In this blog, I want to share a (less obvious) way in which the recently released AppSense Insight V10 can be used to solve a potential security problem.

If this is the first time you’ve heard of Insight, you can find out more and request a demo here

Most people are aware of the importance of the timely installation of security updates as part of a security threat mitigation strategy.
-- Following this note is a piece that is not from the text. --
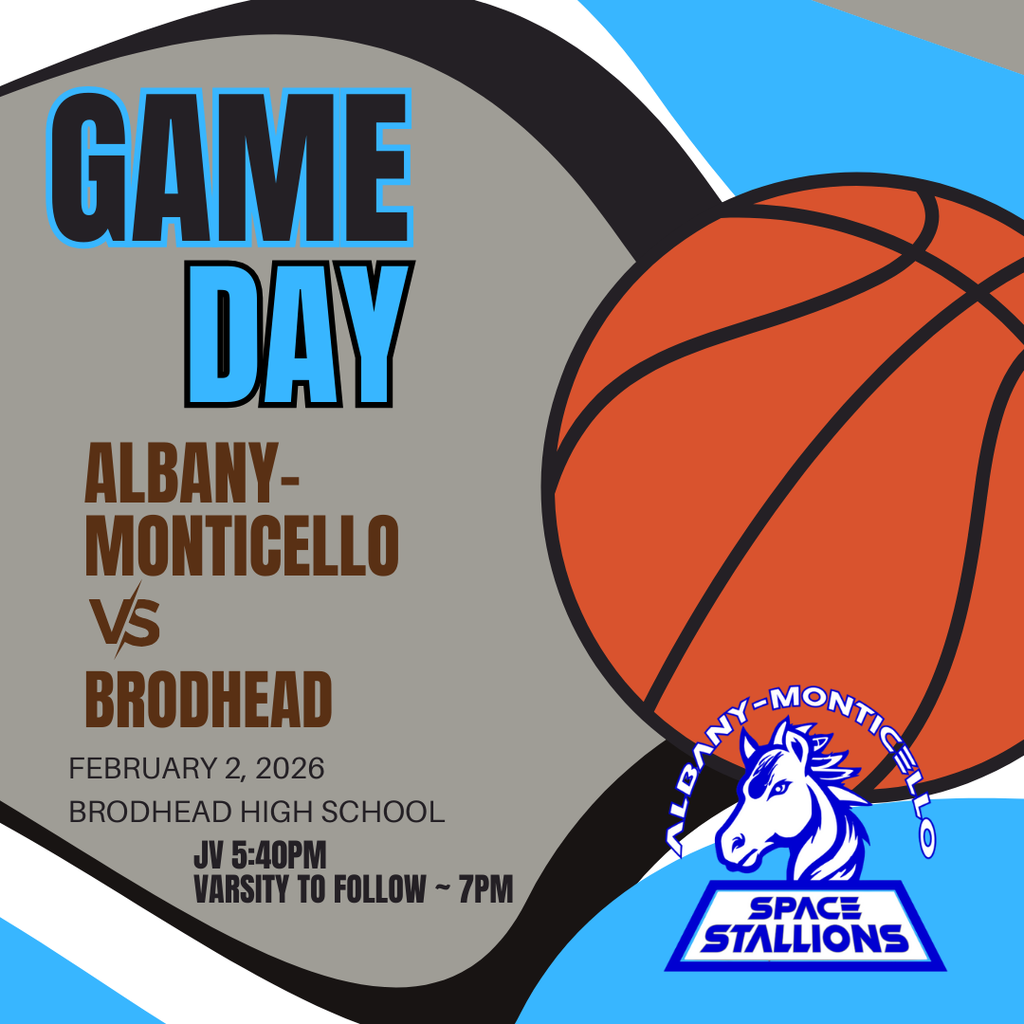 Girls' Basketball Game Information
Microsoft’s regular Security Intelligence reports (in addition to other vendors and sources) provide demographic statistics of exploited vulnerabilities throughout the series which re-enforce this message.
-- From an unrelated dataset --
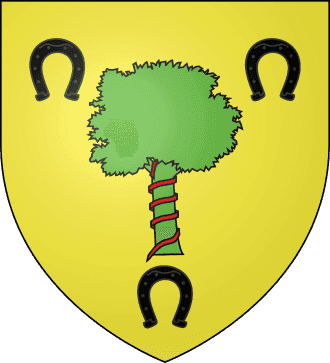 Blason de la commmune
Enterprises are generally well on top of patch management, with tools and policies available for pushing out and reporting on the successful installation of updates.

One often overlooked factor which may be crucial to mitigating the vulnerability addressed by a patch, is whether the endpoint was subsequently rebooted to complete the installation of the update.

According to this Microsoft TechNet article, evidence collected from Windows Server 2008 showed that statistically 10% of updates did not require a reboot to take effect, 10% were kernel updates that did require a reboot, and the remaining 80% required a subsequent reboot if components to be updated were running at the time of installation in order to complete successfully.

Group policies to auto-restart endpoints aren’t infallible, where locked processes can override shutdown, or local admins may disable the auto-restart policy.

Combine this with the fact that laptop users, in particular, do not frequently shut down their endpoints – they will often just close the lid so they can pick up where they left off.  It’s therefore not uncommon to see end user Windows devices with very high amounts of uptime.

How do you, as an administrator, keep track of this so that you can intervene if or when you need to ensure that security updates have been correctly installed?

This is where AppSense Insight can help out. In the recently released Version 10 appliance, we have a ‘System Restart by Computer’ report which is an uptime indicator to show how many hours since the last operating system boot.

To access this, log into Insight as your ‘reports’ (or higher) user and select Reports and System Restart under the devices section:

You are then presented with a list of computers from highest to lowest uptime:

This lets you quickly identify potentially vulnerable endpoints so that you can take remedial action (getting those pesky users to reboot!) to ensure they’re fully up to date.